Other than Sudoku, each task was preceded by a trial session of 45 seconds. Objective labels and data were logged by the PsychoPy application (e.g. task difficulty, start and end timestamps, task-specific information, and more). Subjective labels were provided by the participants as answers to NASA-, PANAS-, affective sliders-, and Likert scale questionnaires after the relaxation video and at the end of all of the tasks. Due to time reasons, in between the individual tasks the participants solely answered pair-wise NASA-TLX questionnaire16, affective sliders17, and reported their mental workload and stress level during the previous task on a Likert scale18. The pair-wise NASA questionnaire quantifies the subjective mental workload of a given task in six continuous sub-scales, each ranging from 0 to 100, which includes questions regarding mental demand, frustration, physical demand, temporal demand, performance, and effort. For these sub-scales, additional weights were received from the pair-wise comparisons of the questions. The affective sliders measure the subjective ratings of pleasure and arousal on two separate sliders. The sliders were designed with visual bipolar affective states through emoticons19 to rate the current emotion and did not need a written explanation, despite being explained before the experiment in a video-guided explanation of the whole study paradigm. The participants also rated their subjective mental workload and stress levels on two 5-point Likert scales with the options: “very very low”, “low”, “nor low nor high”, “high”, and “very very high”.

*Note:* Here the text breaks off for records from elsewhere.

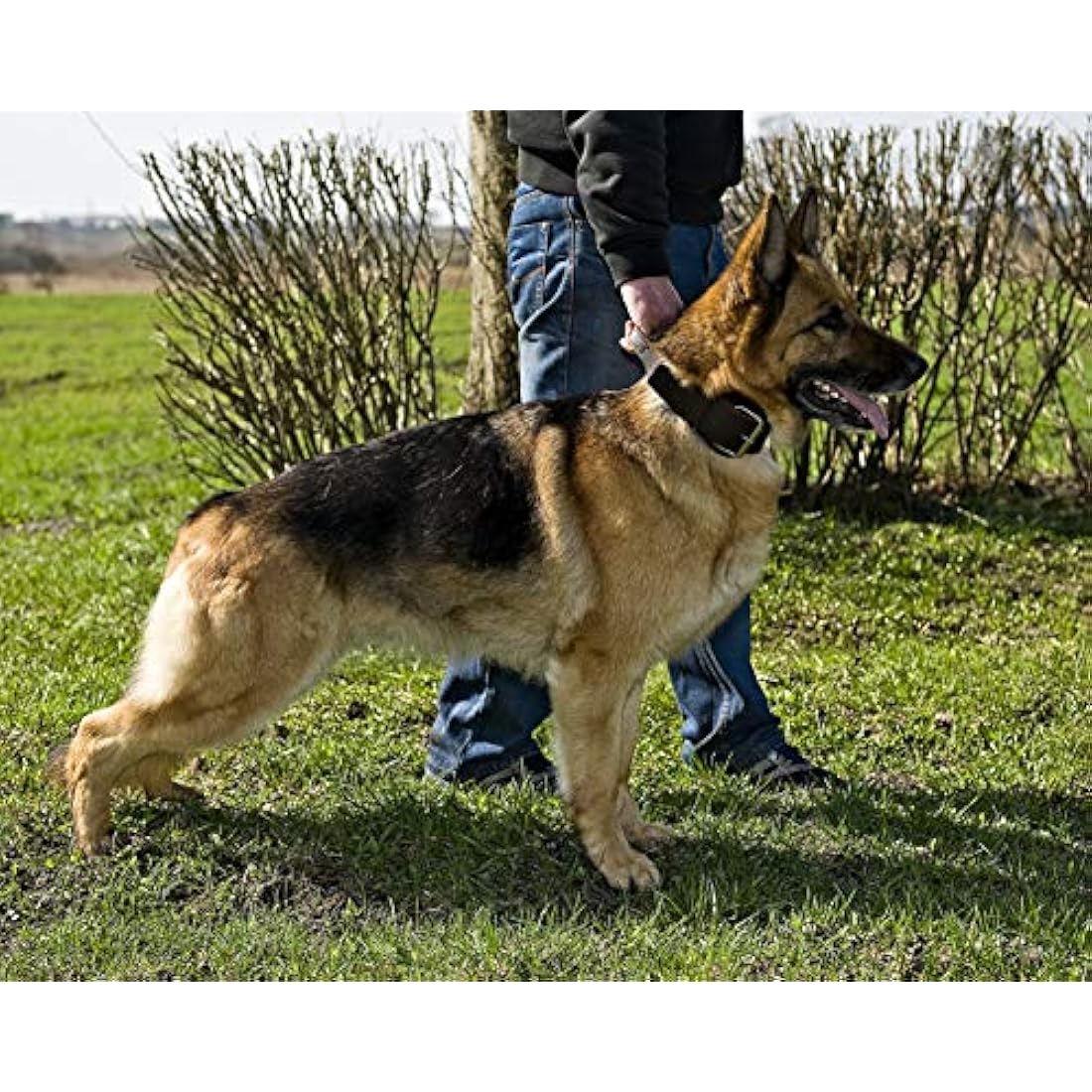 Dingo Brown Collar with a Handle Handmade of Soft Leather Especially for Guard Shepherd Breeds 13105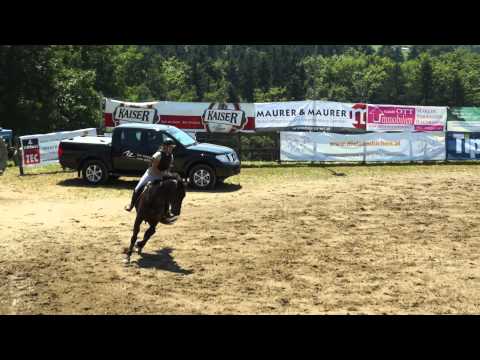 BW 17 Standard A 27072013 130224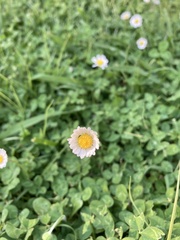 Bellis perennis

After the recording, information on how to use the devices in the uncontrolled environments was repeated, the participants received a printed handout illustrating proper sensor fit detailing the steps required for data acquisition, and an appointment for the second recording in the controlled environment was made.

Uncontrolled Environment

For the recordings in the uncontrolled environment, participants were free to choose where, when, and on which tasks they wanted to perform a recording. The only strict requirement was that participants had to aim for a balanced distribution between tasks they would consider low load as well as high load. A printout with steps to be followed, handed out to each participant, served as a guideline to ensure sufficient data quality of the recordings, instructing the participants to perform the synchronization shaking protocol described in ‘Data Synchronization’, to perform sensor fit checks as illustrated, to start with an eye-closing session of one minute, and to record data for a variable time of 15 to 45 minutes at a stretch. Most of the participants followed the instructions on the shaking of the devices (some, however, at a rather low intensity and velocity), on the eye-closing protocol (more than 90%), and on the distribution of low-vs-high load tasks. The most prominent tasks were reading or searching information (i.e. documentations or research papers;  ≈ 26.75%), coding (various difficulties and programming languages;  ≈ 16.74%), and processing data (e.g. performing data analysis, project planning based on data, doing mathematical calculations, etc.;  ≈ 16.74%), while the least prominent tasks were relaxation (e.g. meditation;  ≈ 0.5%), preparing a presentation ( ≈ 1.9%), and attending a meeting ( ≈ 2.8%). Other tasks performed by the participants encompassed playing a game ( ≈ 7.8%), responding to emails ( ≈ 8.6%), watching a video (e.g. learning a new skill;  ≈ 8.6%), and typing (e.g. summarizing publications or writing a new manuscript;  ≈ 9.7%).

Recording Devices

Two wearable devices capable of recording physiological signals were used in this study, the Muse S headband and the Empatica E4 watch, shown in Fig. 3. The Muse S headband is capable of measuring Electroencephalography (EEG), Accelerometer (ACC), Gyroscope (GYRO), as well as Photoplethysmography (PPG) data. EEG data was recorded with 256 Hz at the five sensor locations AF7, AF8, TP9, TP10, and FpZ, according to the 10/20 international system and depicted in detail in Fig. 3b. ACC and GYRO data were sampled at 50 Hz and PPG data could have been sampled at 64 Hz. However, for reasons of the battery life and the stability of the Bluetooth connection, the recording of PPG data from the headband was not performed. As a consequence, PPG data was recorded only in the Empatica E4 watch. The recording for the Muse S headband was started and data was collected via the third-party app Mind Monitor. The third-party app Mind Monitor provided many additional features such as power band values, amongst which the Horse Shoe Indicator (HSI) for each electrode location—which reflects three states of electrode connection quality ([0.0 means no connection], [1.0 means good connection], and [2.0 means poor connection])—could be used in future studies to correlate it with the computed signal quality indices of this work. Subsequent pre-processing steps were performed based on the raw data, while the band-power features computed by the third-party app were discarded from the subsequent analysis but made publicly available as well. The Empatica E4 is capable of measuring Temperature (TEMP), Photoplethysmography (PPG), Electrodermal Activity (EDA), and Acceleration (ACC) data using the accompanying E4 realtime app provided by the manufacturer for iOS and Android devices or the E4 streaming server for Windows. TEMP and EDA data were collected with a sampling rate of 4 Hz, PPG data at 64 Hz, and ACC data at 32 Hz.

Fig. 3
figure 3

Figure 3a shows a study director wearing the Muse S headband and the Empatica E4 watch. Figure 3b was adapted with permission from38, and shows the electrode positions of the Muse S headband dry-electrode sensors according to the international 10-20 system.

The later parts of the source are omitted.